Raymond G. THOMAS, Appellee.
District Court of Appeal of Florida, Fifth District.
Robert A. Butterworth, Attorney General, Tallahassee, and Allison Leigh Morris, Assistant Attorney General, Daytona Beach, for Appellant.
James B. Gibson, Public Defender, and Thomas J. Lukashow, Assistant Public Defender, Daytona Beach, for Appellee.
ON MOTION FOR CLARIFICATION
HARRIS, Judge.
On motion for clarification we substitute the following opinion.
The State charged Thomas in a three count information with false imprisonment and two counts of misdemeanor battery. After the jury was sworn, the State amended its information changing the false imprisonment charge to kidnapping with the intent to inflict bodily harm or terrorize. On motion by the defense, the court dismissed the amended complaint because of double jeopardy. The State appeals; we affirm.

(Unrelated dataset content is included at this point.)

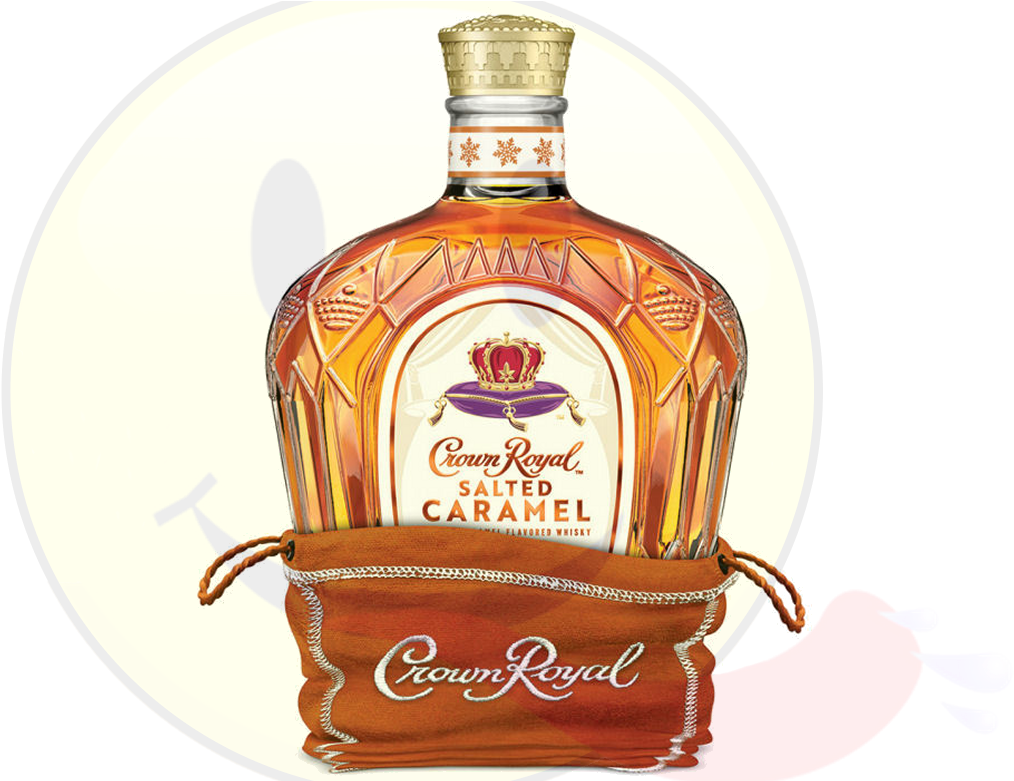 Crown Royal Salted Caramel Whisky Bottle PNG image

We agree with State v. Stell, 407 So. 2d 642 (Fla. 4th DCA 1981) and our earlier decision in State v. Belton, 468 So. 2d 495 *627 (Fla. 5th DCA 1985) that the filing of an amended information, at least after the jury is sworn, has the legal effect of a nolle prosequi of the original information.[1] It would be inconsistent with the principles of double jeopardy if, after the defendant is placed in jeopardy for one crime, we permitted the State to amend the information to substitute another. The jury having been sworn before the filing of the amended information herein, jeopardy had attached.
AFFIRMED.
GOSHORN and PETERSON, JJ., concur.
NOTES
[1] Our decision in State v. Calle, 560 So. 2d 355 (Fla. 5th DCA 1990) did not address this issue. Further, we do not here suggest that an amendment to correct a minor error that does not substantively prejudice the defendant will be barred by double jeopardy. See Sanders v. State, 669 So. 2d 356 (Fla. 5th DCA 1996).